1. Field of the Invention
This invention relates to navigation and communication systems and more particularly to method and apparatus for tactical navigation, communication and identification of a community of aircraft operating in a defined area.
2. Description of the Prior Art
There are several major types of aircraft navigation systems in use at the present time. Each of these types possesses inherent advantages and limitations which render that type suitable for particular applications. The so-called "inertial navigation systems" provide highly accurate aircraft attitude and acceleration information which enable the position of an aircraft to be located by a "dead reckoning" method of navigation. This system utilizes a gyroscopically stabilized platform having three axis accelerometers mounted thereon. The stable platform provides a set of reference axes to which the aircraft azimuth, pitch and roll are compared to provide measurements of the actual attitude of the aircraft. The velocity of the aircraft along each of the three axes are obtained by integrating the accelerometer output signals. When coordinates representing the initial or starting position of the aircraft are fed into the system, this arrangement provides excellent navigation information for aircraft navigation in a defined area of the earth's surface permitting the actual location of the aircraft to be determined without reference to other systems. However, the gyroscopically stabilized platform is subject to drift and other errors which render the system suitable for short term use only.
Radio navigation systems such as Loran, Tacan, and Omega supply georeferenced positional information to an aircraft so that the position of the aircraft on the earth's surface may be determined with a fair degree of accuracy. The Loran and Omega systems are so-called "hyperbolic systems" wherein the position of the aircraft along two intersecting hyperbolic lines is determined by measuring the time delay of transmitted radio signals from two pairs of stations located on the earth's surface. The Tacan system is a so-called "rho-theta system" which provides range and bearing information for the aircraft with respect to a plurality of radio beacons. Although systems of this type provide stable, long term georeferenced navigational information, the information supplied is of a lower order of accuracy for short term use than that obtained from inertial navigation systems. Furthermore, it is difficult to provide global coverage systems of this type without establishing an extensive chain of transmitting stations.
The third major type of navigation system is the so-called "satellite system". In this type of system, a plurality of radio wave transmitting satellites are caused to circle the earth at predetermined times and in predetermined orbits so that measurement of the radio waves from the satellites permits an aircraft or other space vehicle to determine its three dimensional position and velocity with respect to the earth's surface.

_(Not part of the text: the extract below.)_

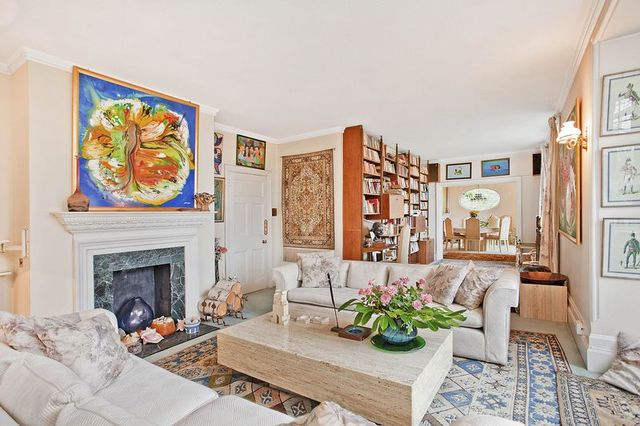  Image of 6 bedroom Detached house for sale in Coombe Park Kingston upon Thames KT2 at Coombe Park  Kingston Upon Thames, KT2 7JB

Although this type of navigation system facilitates global coverage and provides position and velocity accuracy which is geometry sensitive and growth bounded, the short term accuracy of the navigational information supplied is of a lower order than that obtainable from the inertial systems or radio navigation systems. Additionally, a system user must be supplied with complex and expensive receiving equipment which renders the system prohibitively expensive for tactical navigation in a defined area.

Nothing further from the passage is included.